If you’ve ever taken a walk around the Mission District, you’ll often see tourists searching for the famed murals of the Mission, where narrow alley ways boast some of the city’s greatest public art.

But if you look a little further, you’ll find a different type of art covering the walls and sidewalks – mosaics.

In the late 90’s and early 00’s, Mission Graduates (then St. John’s Educational Threshold Center) began its own neighborhood beautification efforts through our Urban ArtWORKS program.  Students came together, with the help of artist Gary Carlos, to create a series of amazing mosaics that surround the Mission Graduates office.

As reported in the SF Gate on December 13, 2002:

BART patrons at San Francisco’s 16th Street station are greeted by a 40-foot-tall tile mosaic carrying a message from 250 neighborhood kids, their parents and other community members: Respect.
 
The piece, titled “Youth Rights,” was sponsored and paid for by BART and St. John’s Education Thresholds Center, a tutoring and after-school program in the Mission.
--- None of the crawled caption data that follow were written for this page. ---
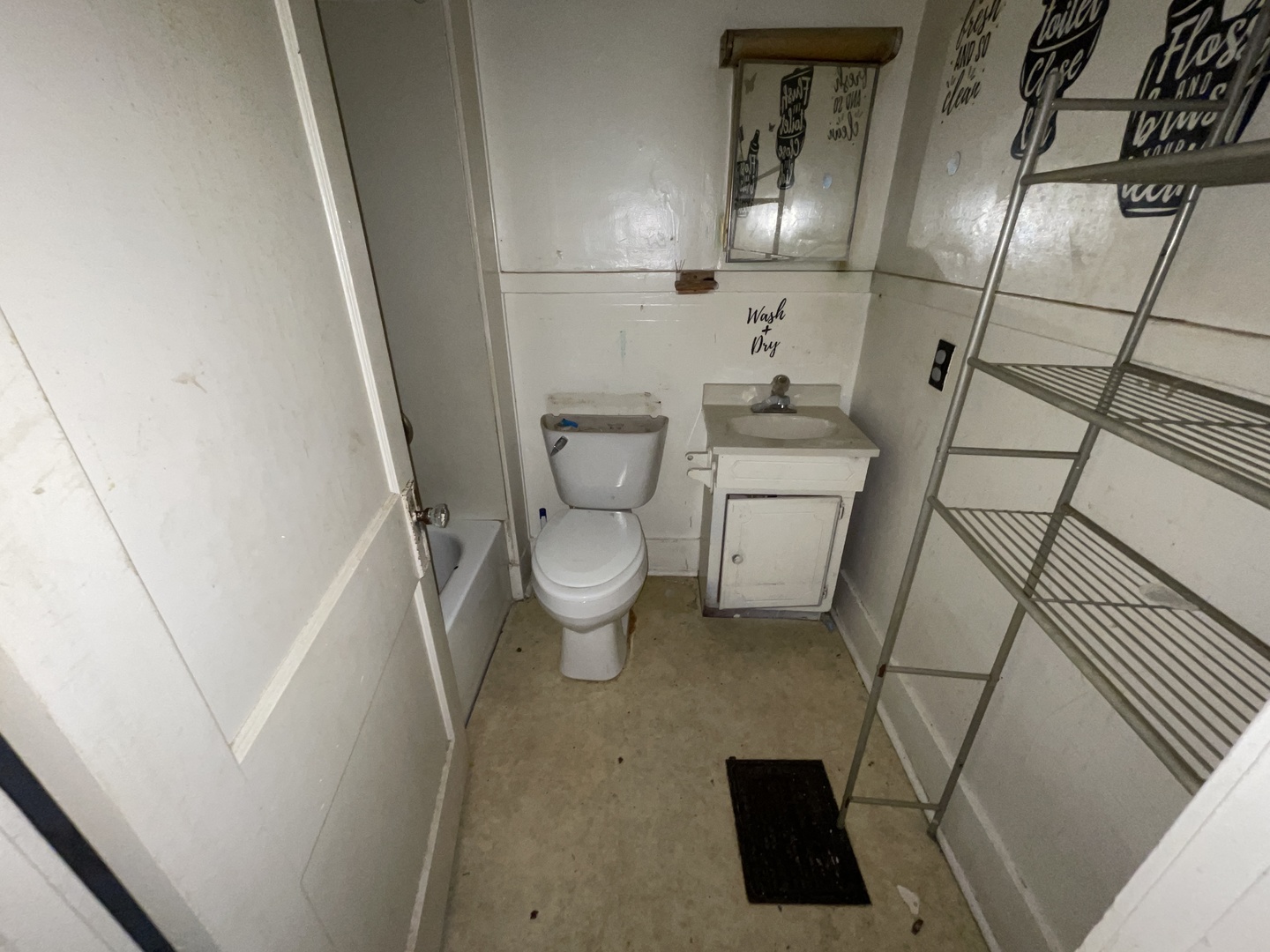 552 West Center Street Decatur, IL 62526 - Photo 11 of 26 a bathroom with a sink and a mirror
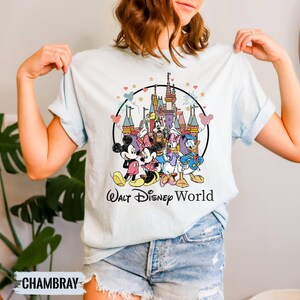 Puede incluir: Una camiseta azul claro con una ilustraci&oacute;n de estilo vintage de Mickey Mouse, Minnie Mouse, Donald Duck, Goofy y Pluto frente al Castillo de Cenicienta. El texto "Walt Disney World" est&aacute; impreso debajo de la ilustraci&oacute;n.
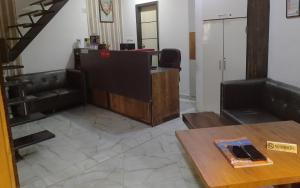 ein Wohnzimmer mit einem Schreibtisch und einem Tisch in der Unterkunft HOTEL WELCOME in Surat
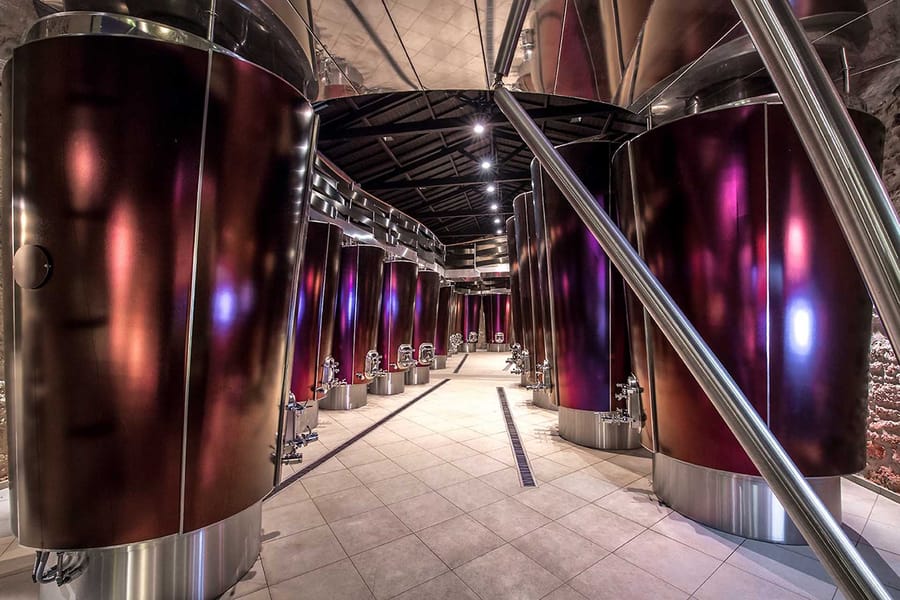 Alignement de grandes cuves en inox aux reflets pourpres dans un cuvier contemporain, Château La Gaffelière à Saint-Émilion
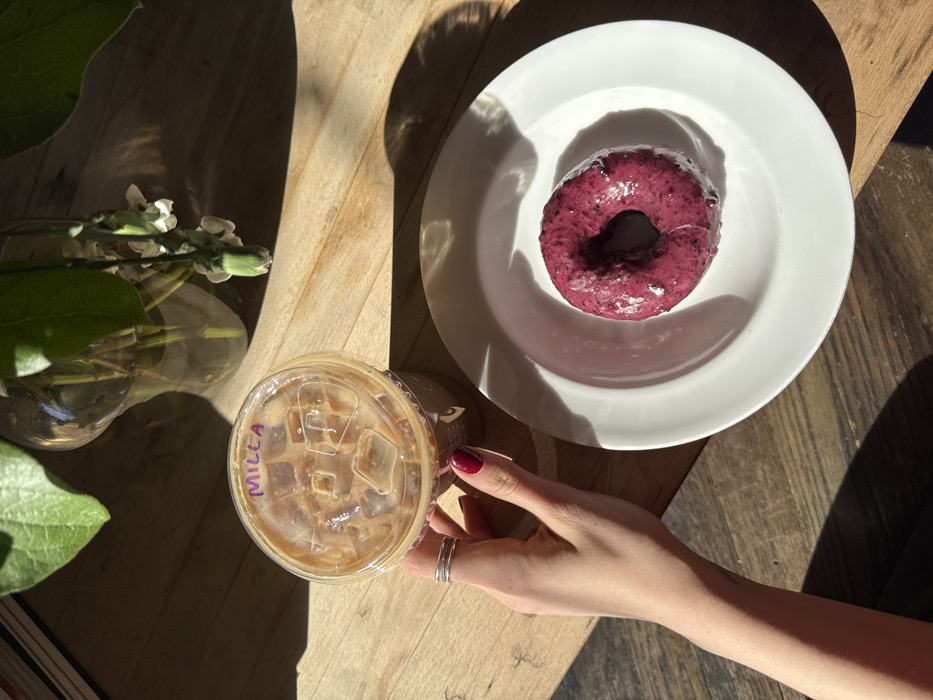 An overhead view captures a person's left hand interacting with a beverage and food item on a light wooden table. The hand, featuring dark red manicured nails and two rings on the fourth finger, holds a clear plastic cup filled with a light brown, milky iced beverage and ice cubes. The name "MILLA" is written in purple marker on the cup's clear plastic dome lid. To the right, a single circular donut, covered in a glossy deep purple, speckled glaze, rests on a plain white ceramic plate. In the upper left background, a section of a clear glass vase containing green foliage and slender stems with small white flowers is visible. Strong natural light illuminates the scene, casting distinct shadows across the wooden surface. The environment is an indoor establishment, likely a cafe, located in New York, United States of America. The precise address or name of the establishment cannot be determined from the visual information presented.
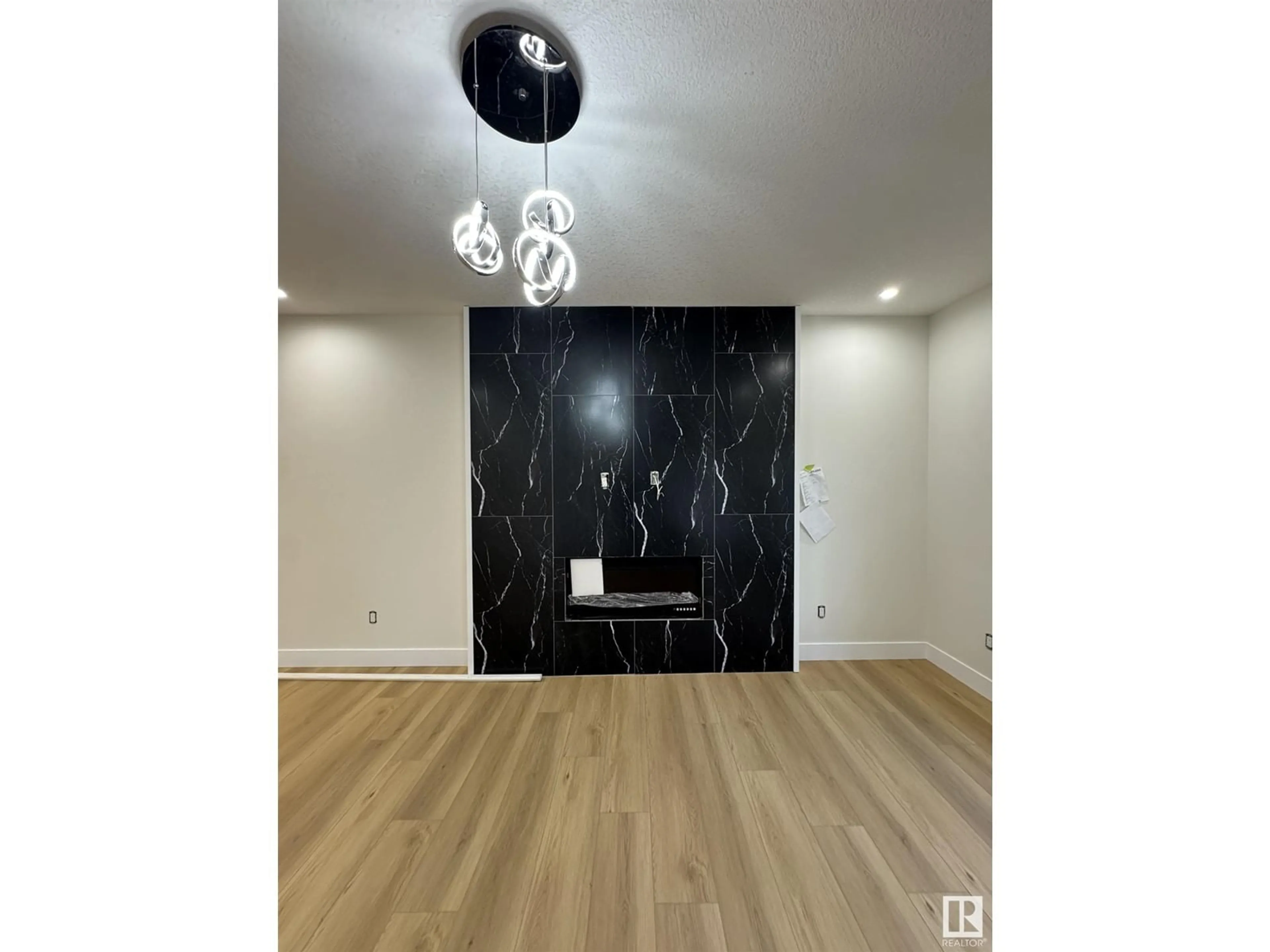 A pic of a room, wood floors for 9330 89 ST NW NW, Edmonton Alberta T6C3L2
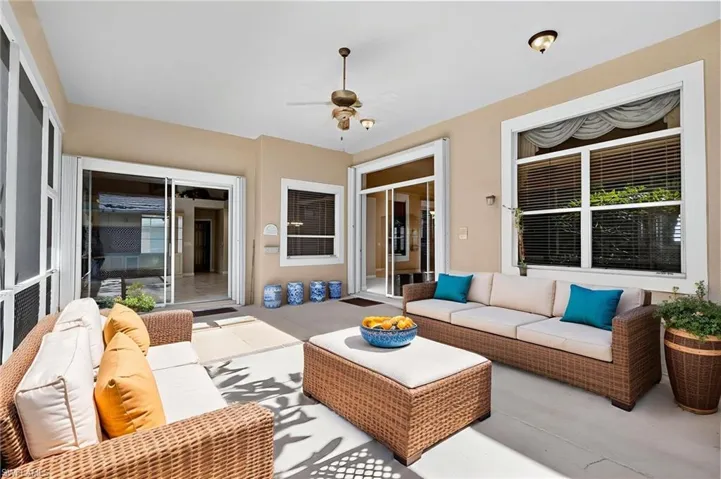 Sunroom with outdoor lounge area, a ceiling fan, and a patio area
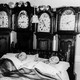 A couple sleeping, surrounded by clocks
High school students from the center, with the help of lead artist Gary Carlos and Urban Institute director Ali Vieira, made the tiles by hand, broke and cut them into shapes, fired and painted them, then mortared and grouted the piece. The process took more than seven months.
 
The mosaic has four themes: community, opportunity, power and rights and respect. Symbols such as stars, people, birds and keys tie the themes into a single vision.

These amazing pieces of art still decorates the streets of San Francisco.  We invite you to come take a walk around this Mission with us and experience our history yourself!